-------- STORED DATA
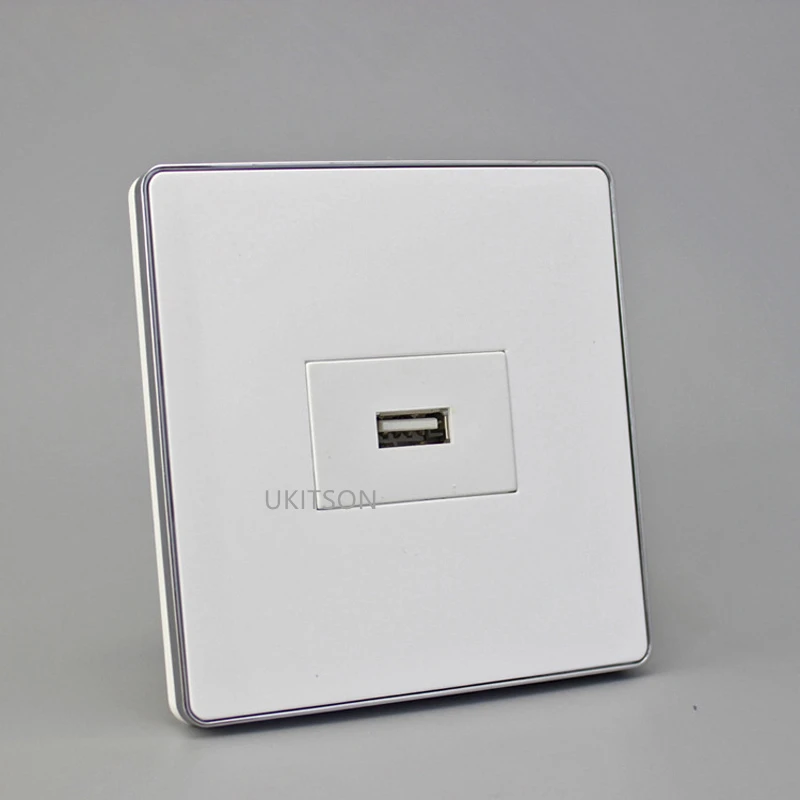 Free Solder USB Wall Outlet pic 2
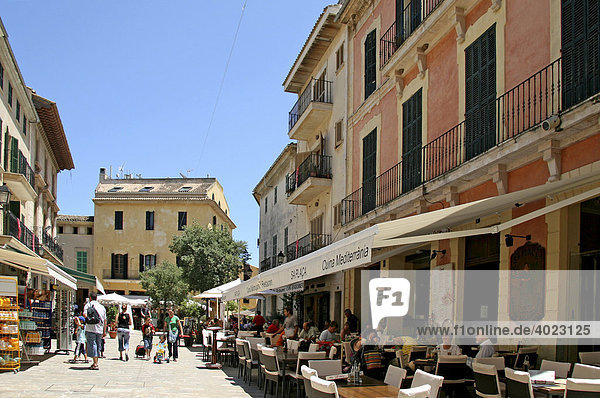 Town centre  historic town centre  Alcudia  Majorca  Balearic Islands  Spain  Europe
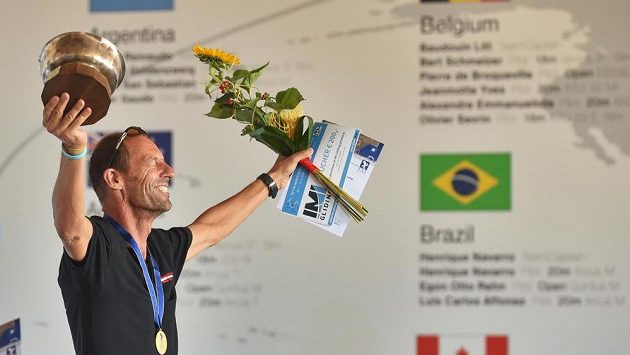 V osmnáctimetrové třídě zvítězil Wolfgang Janowitsch z Rakouska. V osmnáctimetrové třídě zvítězil Wolfgang Janowitsch z Rakouska.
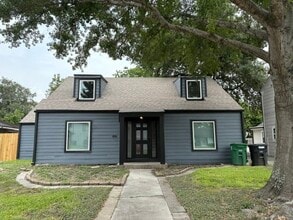 Building Photo - 3711 Eagle St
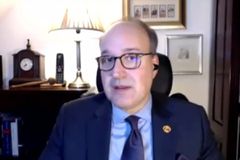 Απίθανο: Η Μάντσεστερ Γιουνάιτεντ προσλαμβάνει έναν Έλληνα για επικεφαλής του νομικού της επιτελείου!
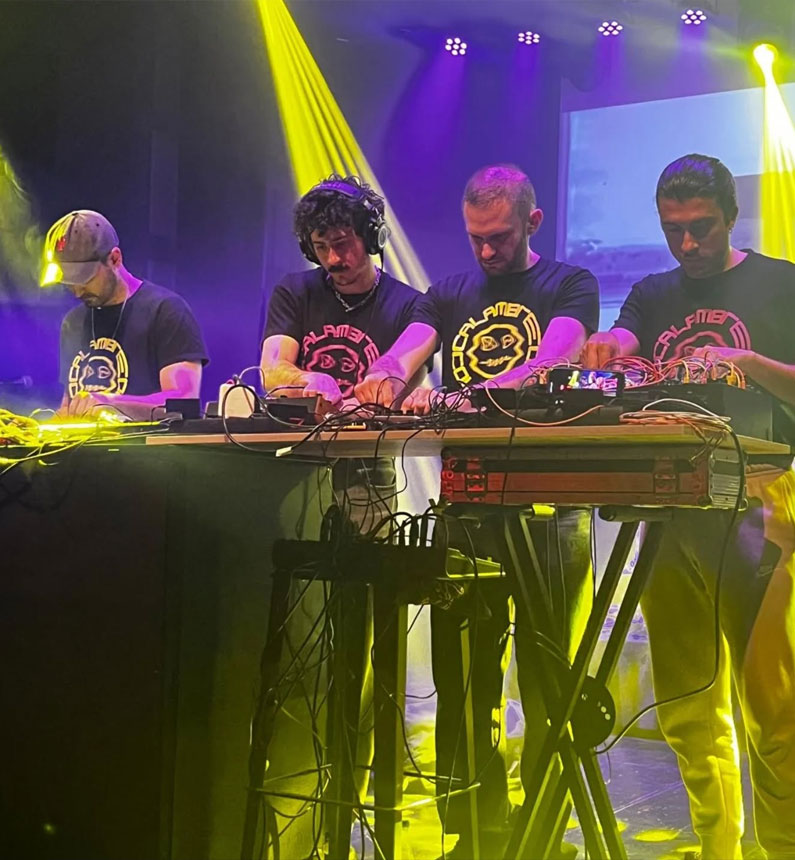 Calambre Colectivo y Tentácula: música cósmica de la tierra nuestra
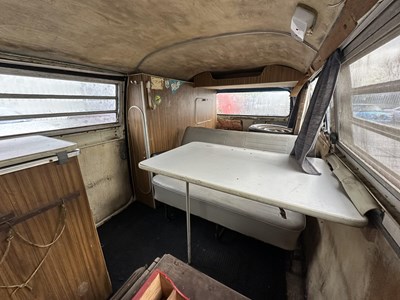 Lot 62 - 1972 Volkswagen T2 Camper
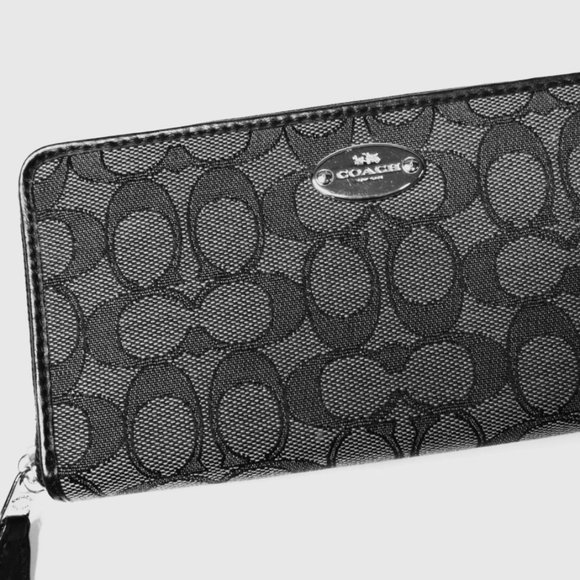 COACH Signature Accordion Zip Wallet BLACK, Like New - Picture 1 of 7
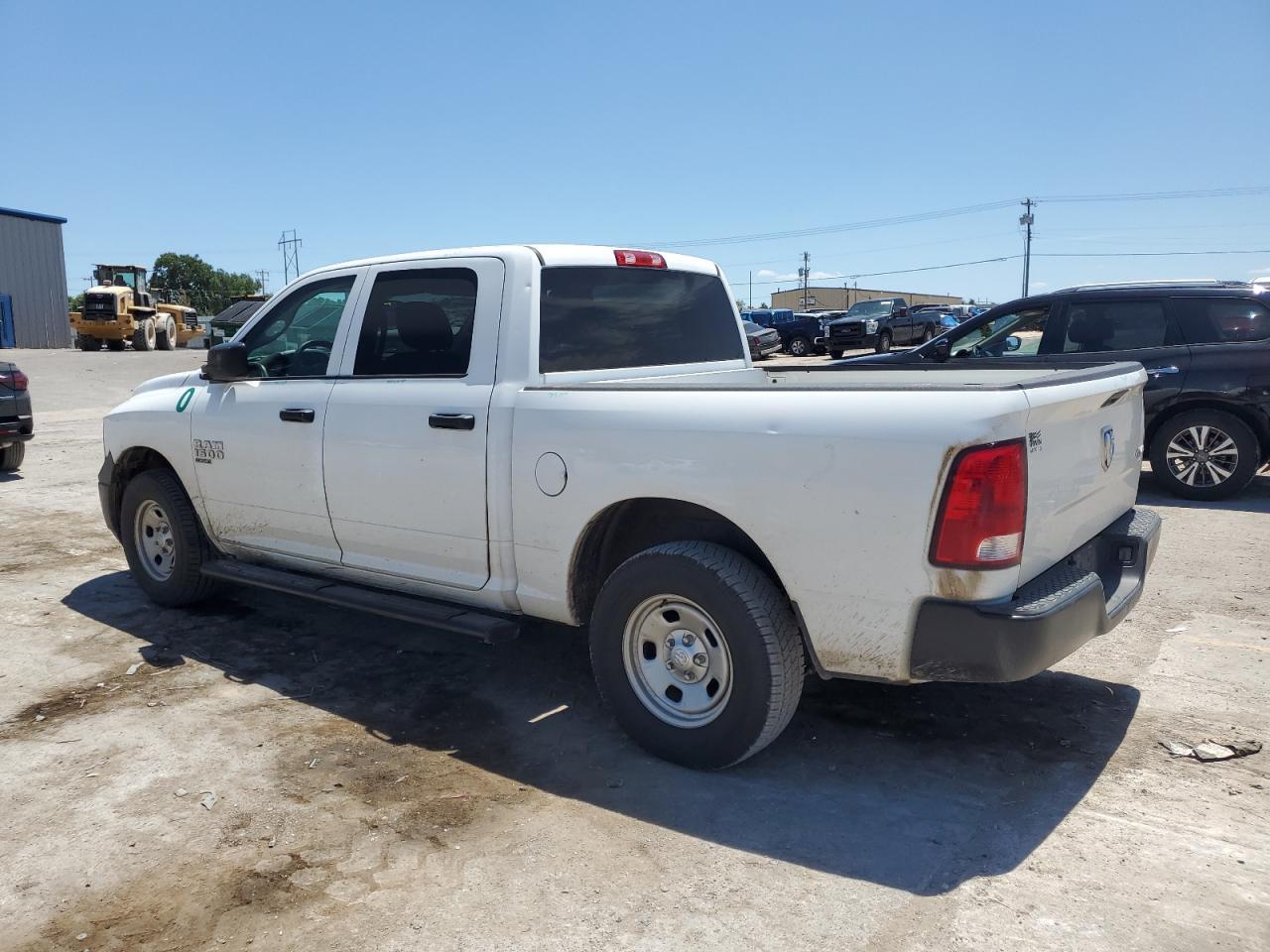 2021 Ram 1500 Classic Tradesman - Фото 2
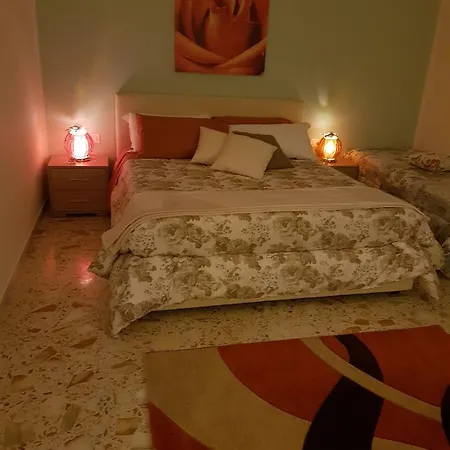 Leti Bed & Breakfast 2*
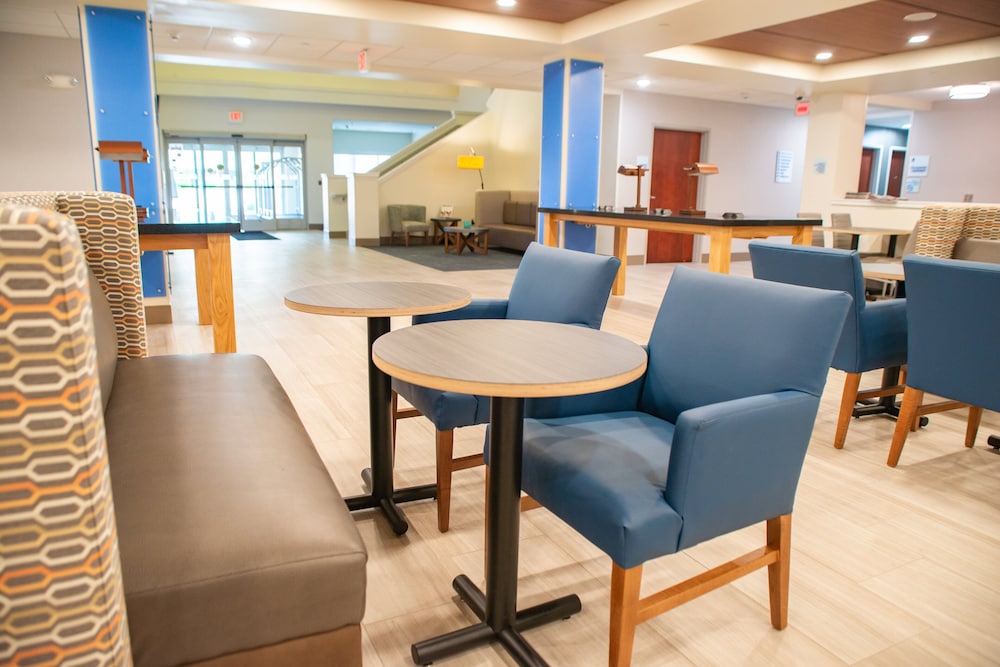 Holiday Inn Express Hotel Suites Winona 32/49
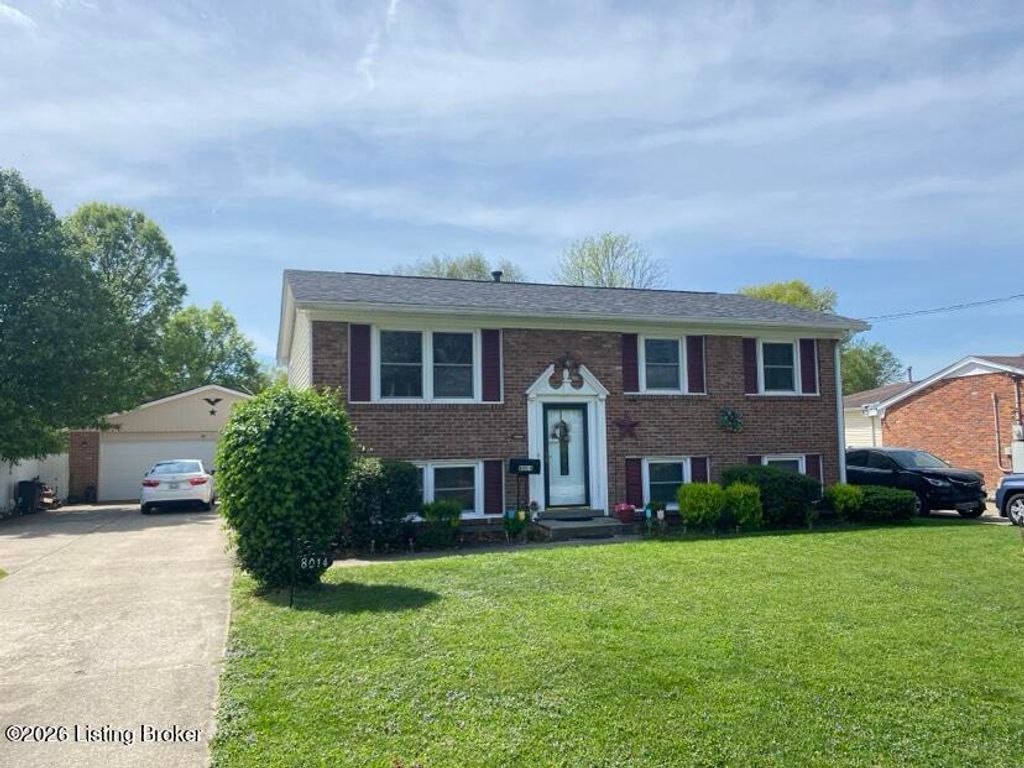 Photo of 8014 Broadfern Dr, Louisville, KY 40291 (MLS # 1714462)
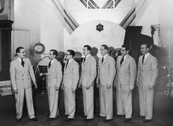 Ady Rosner i jego orkiestra (Kraków, ok. 1937 r.) Ady Rosner i jego orkiestra (Kraków, ok. 1937 r.)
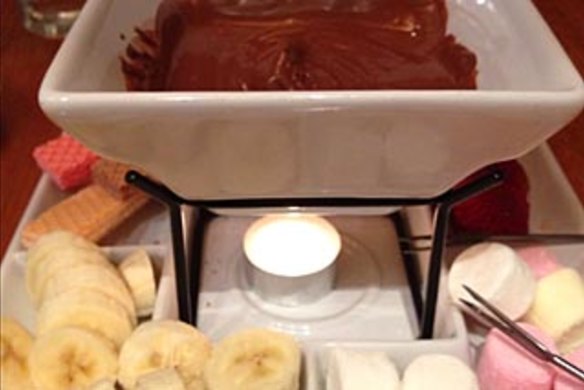Chocolate fondue from Kokoroya.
----------------
#### WORK REQUEST
Precisely those lines above that run from the line with "Calambre Colectivo y" up to and including the line with "Leti Bed & Breakfast 2*" are to be set down, with the pictures omitted.

#### EXERCISE OUTPUT
 Calambre Colectivo y Tentácula: música cósmica de la tierra nuestra
 Lot 62 - 1972 Volkswagen T2 Camper
 COACH Signature Accordion Zip Wallet BLACK, Like New - Picture 1 of 7
 2021 Ram 1500 Classic Tradesman - Фото 2
 Leti Bed & Breakfast 2*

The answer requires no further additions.